In a turn of events, Professor Graham’s research has shown that spiral galaxies reside midway between the two types of lentil-shaped galaxies.

“This re-draws our much-loved galaxy sequence,” says Professor Graham, “and, importantly, we now see the evolutionary pathways through a galaxy wedding sequence, or what business might refer to as acquisitions and mergers.”

If the dust-poor lenticular galaxies accrete gas and material, this can gravitationally disturb their disk, inducing a spiral pattern and fueling star formation, changing their structure and shape.

The Milky Way has several smaller satellite galaxies, such as Sagittarius and Canis Major, and its structure reveals a rich history of acquisitions. The Milky Way was likely once a dust-poor lenticular galaxy that accreted material, including the Gaia Sausage–Enceladus satellite, and over time it evolved into the spiral galaxy we live in today. Deep imaging by countless ground-based telescopes over recent years has shown this is a feature common to spiral galaxies.

Some acquisitions will be more dramatic. Such a marriage is on the cards in 4 to 6 billion years when the Milky Way and the Andromeda galaxy collide.

Their collision will destroy the current spiral patterns in both galaxies, yielding a merged galaxy with a more-dominant spheroid, throw up a lot of dust clouds, and be accompanied by an increase in the central black hole mass. It will lead to the birth of a dust-rich lenticular galaxy.

The subsequent merger of two dusty lenticular galaxies appears sufficient to fully erase their disks and create an elliptical-shaped galaxy, unable to retain cold gas clouds harboring dust.

In some ways, the dust-poor lenticular galaxies appear as a fossil record of the universe’s primordial galaxies. These disk-dominated galaxies are very old and common. The merging of two of these in the young universe may explain the recent observation by the James Webb Space Telescope of a massive spheroid-dominated galaxy when the universe was 700 million years old.

Furthermore, the new research has also revealed that merging two elliptical galaxies is sufficient to explain the universe’s most massive galaxies today, observed at the centers of 1,000-member galaxy clusters.

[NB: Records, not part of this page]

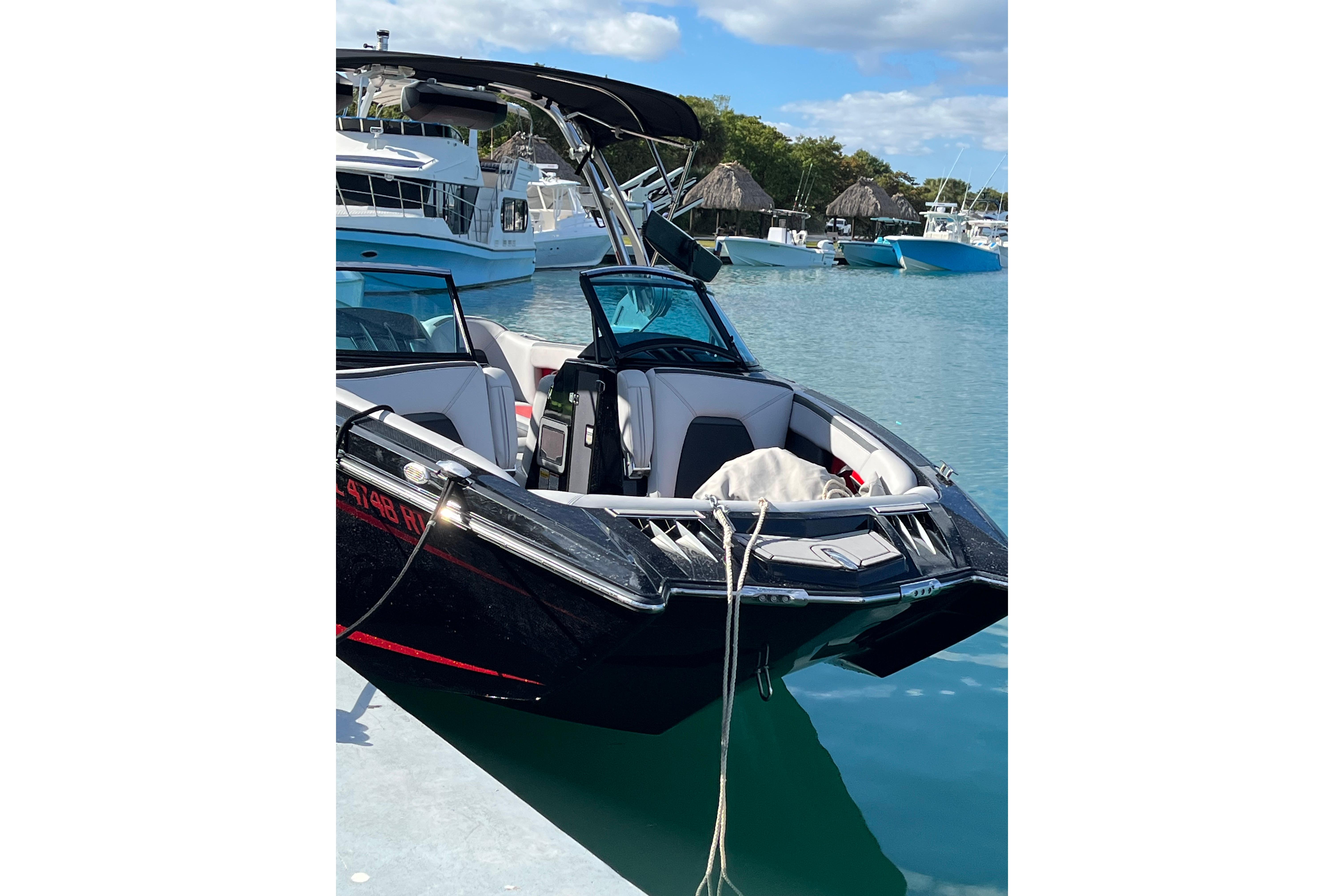 2019 MasterCraft XStar boat docked in a marina with clear blue water.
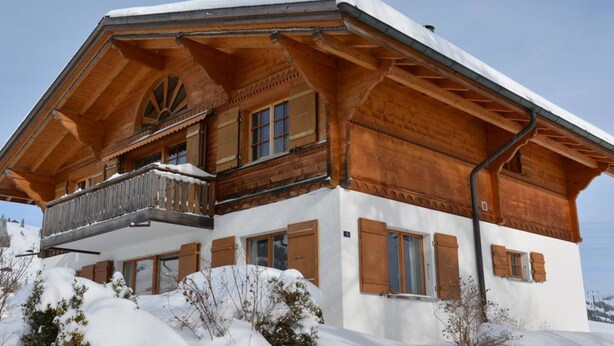 Eine große Holzhütte mit Balkon, umgeben von Schnee.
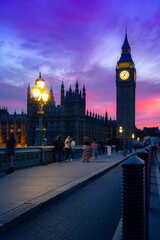 Exterior of historic buildings with glowing lights located against Big Ben tower at night in London...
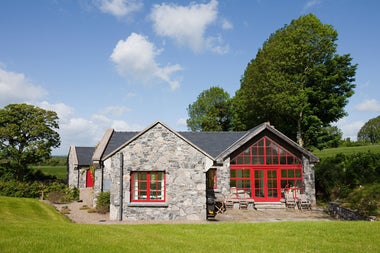 A house with stone walls and large red windows overlooking a garden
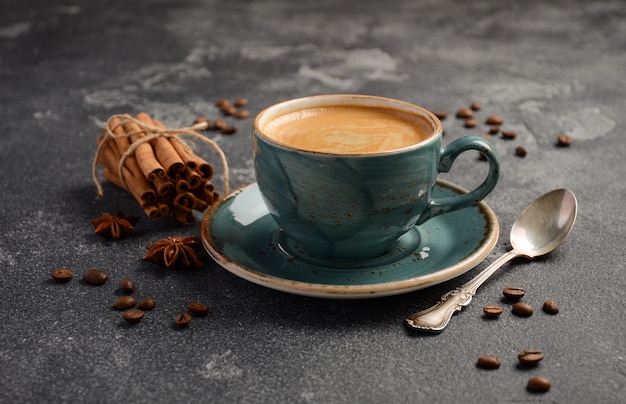 Taza de café recién hecho con galletas amaretti sobre fondo oscuro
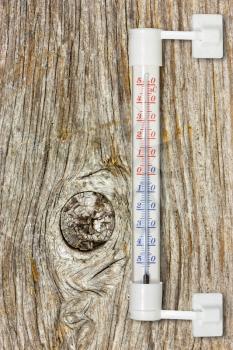 Outdoor thermometer on the old wooden wall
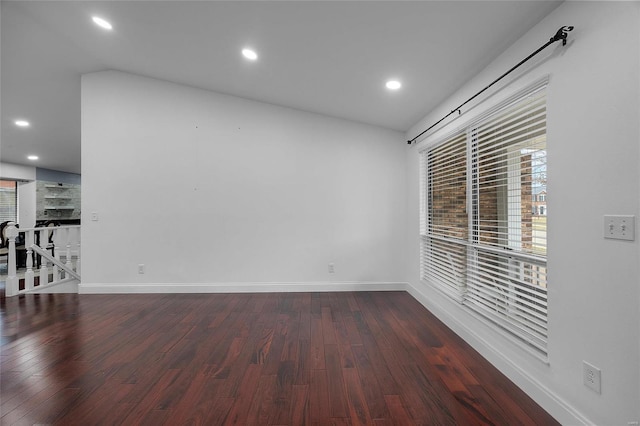 spare room featuring recessed lighting, baseboards, and wood finished floors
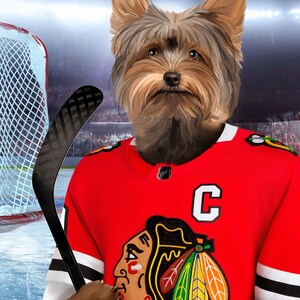 May include: A Yorkshire Terrier wearing a red hockey jersey with a black and white striped pattern, a black and white logo of a Native American head with feathers, and a white letter "C" on the front. The dog is holding a black hockey stick.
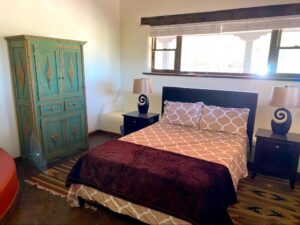 RanchHouse #3 - BANCOS room at The Chi Center showcasing a cozy bed with geometric bedding, a rustic green armoire, traditional southwestern decor, and natural light streaming through large windows.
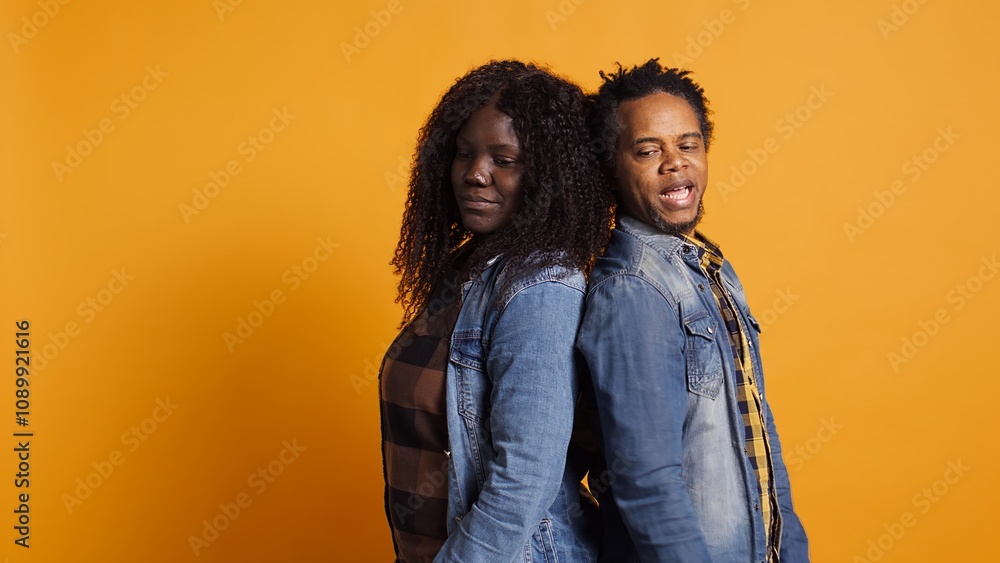 Fototapeta premium Furious offended couple having an argument and screaming at each other, dealing with marriage difficulties and misunderstandings. Annoyed frustrated man and woman quarreling. Camera B.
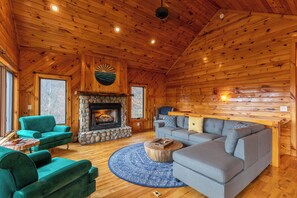 A log cabin interior with a fireplace, two sofas, and a round rug.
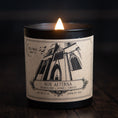 Load image into Gallery viewer, Front of Nox Aeterna candle featuring a gothic cathedral and bats.
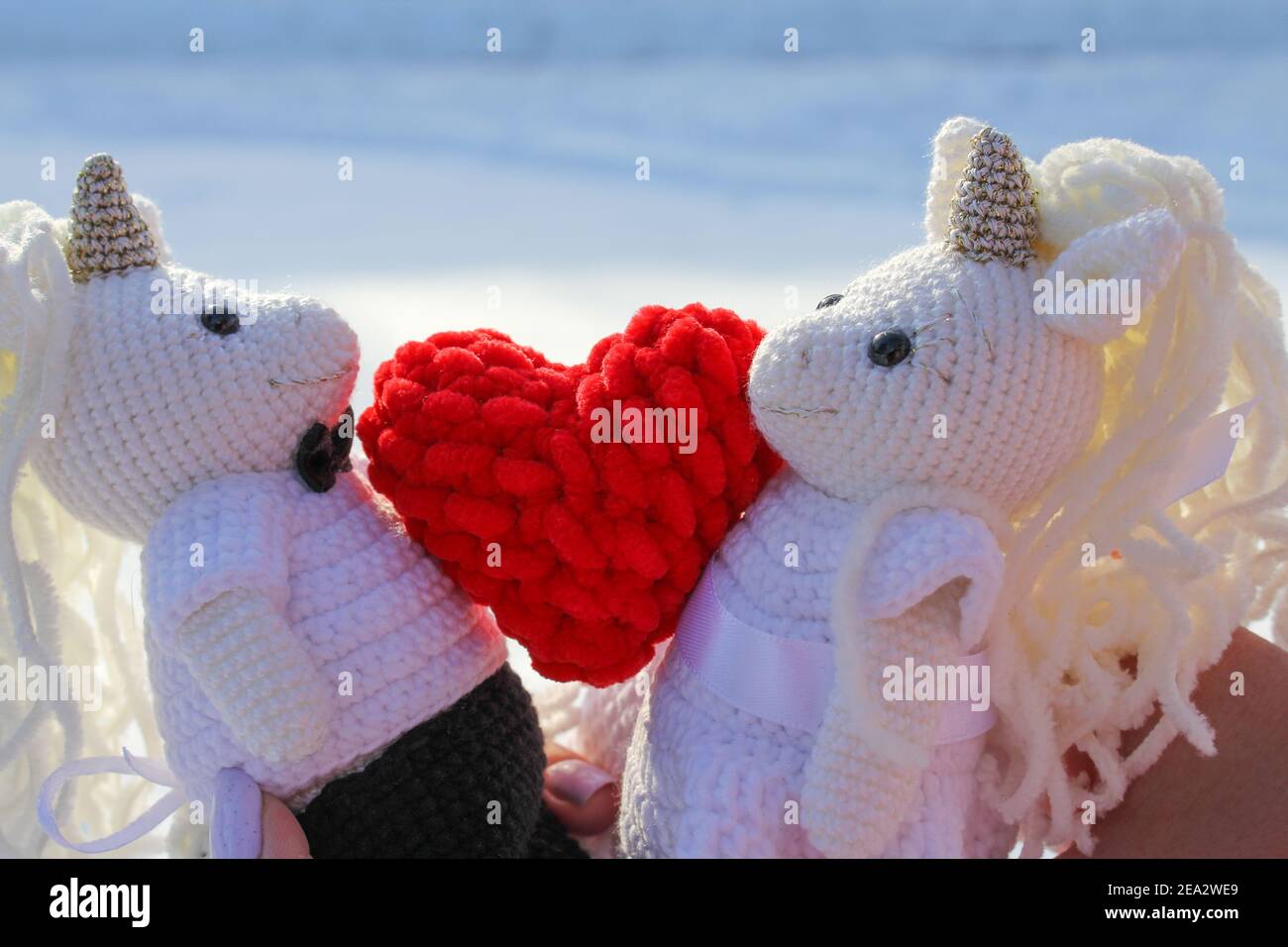 Jouets en crochet licornes en costumes de mariage avec un coeur rouge, histoire d'amour Banque D'Images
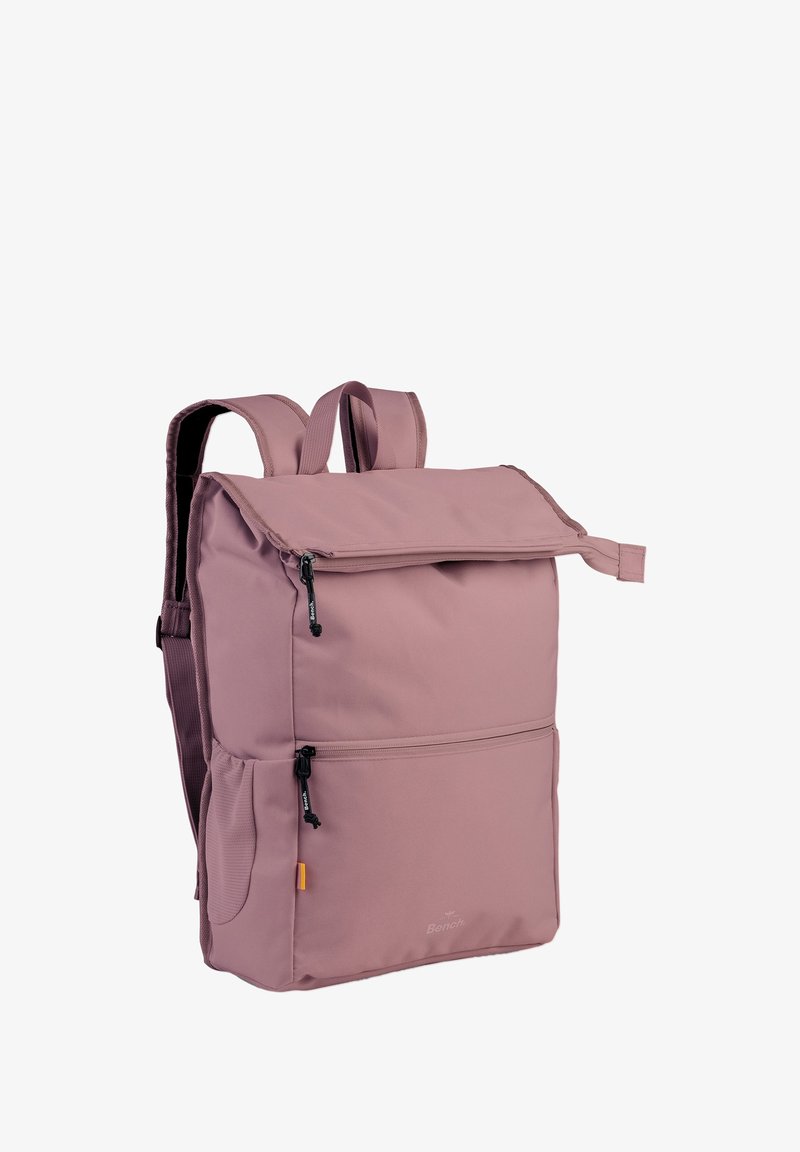 Pink fabric backpack with a roll-top closure, dual side zippers, two adjustable straps, and a front pocket. Smooth texture, minimalistic design.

Professor Graham notes that many clues were known but had yet to be combined into a cohesive picture. He says, “Things fell into place once it was recognized that the lenticular galaxies are not the single bridging population they were long portrayed as.”

The new work means galaxies now have their family tree. “It’s survival of the fittest out there,” says Professor Graham, “which ultimately means the reign of spheroids over disks.” He adds, “Astronomy now has a new anatomy sequence and finally an evolutionary sequence in which galaxy speciation is seen to occur through the inevitable marriage of galaxies ordained by gravity.”